====== DATASET ======

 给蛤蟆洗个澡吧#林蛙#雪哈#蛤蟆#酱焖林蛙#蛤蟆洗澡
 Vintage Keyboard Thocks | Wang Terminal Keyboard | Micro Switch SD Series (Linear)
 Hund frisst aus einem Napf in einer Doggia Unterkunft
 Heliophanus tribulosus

======
====== DATASET ======

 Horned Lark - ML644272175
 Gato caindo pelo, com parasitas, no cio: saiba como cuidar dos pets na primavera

======

Your task is to retype the entries verbatim, starting with the line that holds "Vintage Keyboard Thocks" and stopping after the line that holds "Heliophanus tribulosus".

**SOLVED PROBLEM**:
 Vintage Keyboard Thocks | Wang Terminal Keyboard | Micro Switch SD Series (Linear)
 Hund frisst aus einem Napf in einer Doggia Unterkunft
 Heliophanus tribulosus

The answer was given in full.